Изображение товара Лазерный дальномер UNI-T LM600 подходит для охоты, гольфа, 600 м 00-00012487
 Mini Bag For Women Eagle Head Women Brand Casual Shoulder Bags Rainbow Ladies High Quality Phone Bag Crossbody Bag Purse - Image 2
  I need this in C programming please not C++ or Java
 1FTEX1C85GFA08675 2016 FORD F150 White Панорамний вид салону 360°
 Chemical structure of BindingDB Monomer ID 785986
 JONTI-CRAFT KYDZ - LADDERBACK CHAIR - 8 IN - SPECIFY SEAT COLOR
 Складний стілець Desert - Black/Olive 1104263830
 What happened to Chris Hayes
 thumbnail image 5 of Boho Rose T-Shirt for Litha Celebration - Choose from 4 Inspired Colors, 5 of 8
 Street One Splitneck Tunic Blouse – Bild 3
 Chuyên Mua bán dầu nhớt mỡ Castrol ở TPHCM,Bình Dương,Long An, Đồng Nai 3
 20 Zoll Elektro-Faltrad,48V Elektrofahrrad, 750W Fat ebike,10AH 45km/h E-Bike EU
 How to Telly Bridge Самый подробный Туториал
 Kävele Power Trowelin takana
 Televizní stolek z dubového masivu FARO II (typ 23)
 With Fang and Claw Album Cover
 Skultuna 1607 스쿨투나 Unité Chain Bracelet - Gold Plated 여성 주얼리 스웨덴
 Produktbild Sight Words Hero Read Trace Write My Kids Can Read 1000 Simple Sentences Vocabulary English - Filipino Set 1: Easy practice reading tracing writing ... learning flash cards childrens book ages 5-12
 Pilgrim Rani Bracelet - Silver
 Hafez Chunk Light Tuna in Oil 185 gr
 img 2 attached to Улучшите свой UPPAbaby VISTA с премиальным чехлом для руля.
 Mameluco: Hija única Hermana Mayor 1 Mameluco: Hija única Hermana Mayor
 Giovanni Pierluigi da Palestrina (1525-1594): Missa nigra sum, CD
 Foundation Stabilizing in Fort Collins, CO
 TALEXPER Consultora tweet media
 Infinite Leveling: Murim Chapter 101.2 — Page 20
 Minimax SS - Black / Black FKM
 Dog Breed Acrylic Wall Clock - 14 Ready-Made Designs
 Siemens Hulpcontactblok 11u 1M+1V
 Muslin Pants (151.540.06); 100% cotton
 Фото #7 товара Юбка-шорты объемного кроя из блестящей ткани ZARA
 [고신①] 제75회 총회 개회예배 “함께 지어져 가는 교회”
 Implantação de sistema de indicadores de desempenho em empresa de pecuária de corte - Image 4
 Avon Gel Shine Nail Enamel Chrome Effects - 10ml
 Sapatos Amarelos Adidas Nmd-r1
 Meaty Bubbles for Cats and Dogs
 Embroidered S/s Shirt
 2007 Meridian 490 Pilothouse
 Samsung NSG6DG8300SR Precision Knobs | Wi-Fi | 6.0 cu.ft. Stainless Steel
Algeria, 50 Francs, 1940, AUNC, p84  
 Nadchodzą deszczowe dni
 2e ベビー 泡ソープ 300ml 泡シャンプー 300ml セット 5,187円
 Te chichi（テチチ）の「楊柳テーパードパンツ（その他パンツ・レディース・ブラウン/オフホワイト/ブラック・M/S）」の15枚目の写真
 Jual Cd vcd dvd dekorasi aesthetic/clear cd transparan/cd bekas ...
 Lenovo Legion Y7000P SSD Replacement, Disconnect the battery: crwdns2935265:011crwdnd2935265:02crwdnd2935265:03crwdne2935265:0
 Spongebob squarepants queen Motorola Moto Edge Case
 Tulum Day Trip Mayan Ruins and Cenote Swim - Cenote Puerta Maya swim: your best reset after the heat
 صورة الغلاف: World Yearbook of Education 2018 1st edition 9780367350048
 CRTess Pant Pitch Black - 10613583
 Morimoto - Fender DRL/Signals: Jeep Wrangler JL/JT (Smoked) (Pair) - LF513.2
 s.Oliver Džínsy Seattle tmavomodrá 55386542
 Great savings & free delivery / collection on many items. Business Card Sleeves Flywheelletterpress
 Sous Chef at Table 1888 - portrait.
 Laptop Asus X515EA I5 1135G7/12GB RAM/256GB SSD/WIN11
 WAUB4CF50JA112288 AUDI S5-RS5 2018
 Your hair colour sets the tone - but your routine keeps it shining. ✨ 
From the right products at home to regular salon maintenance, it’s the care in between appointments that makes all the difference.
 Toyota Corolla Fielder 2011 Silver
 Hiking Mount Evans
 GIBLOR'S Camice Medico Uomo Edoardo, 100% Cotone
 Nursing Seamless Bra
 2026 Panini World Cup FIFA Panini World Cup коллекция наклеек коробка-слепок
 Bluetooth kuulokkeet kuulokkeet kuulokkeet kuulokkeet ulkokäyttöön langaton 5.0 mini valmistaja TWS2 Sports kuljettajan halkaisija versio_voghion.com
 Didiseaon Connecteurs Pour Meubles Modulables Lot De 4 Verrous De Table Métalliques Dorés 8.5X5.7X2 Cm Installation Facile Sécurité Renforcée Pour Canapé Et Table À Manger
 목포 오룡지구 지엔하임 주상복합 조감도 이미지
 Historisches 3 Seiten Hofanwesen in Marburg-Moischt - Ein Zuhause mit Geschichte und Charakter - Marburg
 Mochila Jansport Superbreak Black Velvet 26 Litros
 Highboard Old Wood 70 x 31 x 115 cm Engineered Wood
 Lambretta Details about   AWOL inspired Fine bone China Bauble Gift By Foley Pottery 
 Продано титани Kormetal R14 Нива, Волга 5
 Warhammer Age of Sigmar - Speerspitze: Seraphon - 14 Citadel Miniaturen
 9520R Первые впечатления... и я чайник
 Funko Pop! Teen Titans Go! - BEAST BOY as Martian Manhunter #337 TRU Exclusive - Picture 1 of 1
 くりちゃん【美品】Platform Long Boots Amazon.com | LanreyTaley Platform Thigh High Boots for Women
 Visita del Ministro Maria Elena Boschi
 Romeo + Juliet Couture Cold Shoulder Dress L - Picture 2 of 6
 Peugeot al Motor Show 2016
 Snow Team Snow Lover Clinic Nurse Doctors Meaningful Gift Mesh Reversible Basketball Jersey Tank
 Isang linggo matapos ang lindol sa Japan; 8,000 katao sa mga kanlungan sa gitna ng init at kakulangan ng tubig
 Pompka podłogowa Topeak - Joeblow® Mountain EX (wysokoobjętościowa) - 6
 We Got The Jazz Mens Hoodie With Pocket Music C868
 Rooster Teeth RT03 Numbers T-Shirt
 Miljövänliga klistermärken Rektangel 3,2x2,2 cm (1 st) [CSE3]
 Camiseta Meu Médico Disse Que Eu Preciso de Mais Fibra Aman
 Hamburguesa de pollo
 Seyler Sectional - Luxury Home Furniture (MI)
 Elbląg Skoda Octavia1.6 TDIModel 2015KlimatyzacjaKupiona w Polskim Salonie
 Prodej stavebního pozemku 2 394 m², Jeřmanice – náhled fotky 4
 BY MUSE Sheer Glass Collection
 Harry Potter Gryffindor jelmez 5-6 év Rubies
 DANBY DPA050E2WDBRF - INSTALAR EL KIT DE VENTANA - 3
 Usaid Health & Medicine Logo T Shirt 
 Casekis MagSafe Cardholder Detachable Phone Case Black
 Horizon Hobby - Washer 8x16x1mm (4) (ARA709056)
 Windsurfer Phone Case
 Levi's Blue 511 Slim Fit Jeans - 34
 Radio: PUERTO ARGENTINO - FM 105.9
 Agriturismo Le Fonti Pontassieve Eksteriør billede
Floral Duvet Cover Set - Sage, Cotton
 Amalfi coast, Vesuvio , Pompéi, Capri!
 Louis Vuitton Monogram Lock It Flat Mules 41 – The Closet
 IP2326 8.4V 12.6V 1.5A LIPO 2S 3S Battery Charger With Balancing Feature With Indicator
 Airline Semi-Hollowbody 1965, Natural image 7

**The task:**
Copy all lines of the listing above that contain the string "Bracelet".

**Expected output:**
 Skultuna 1607 스쿨투나 Unité Chain Bracelet - Gold Plated 여성 주얼리 스웨덴
 Pilgrim Rani Bracelet - Silver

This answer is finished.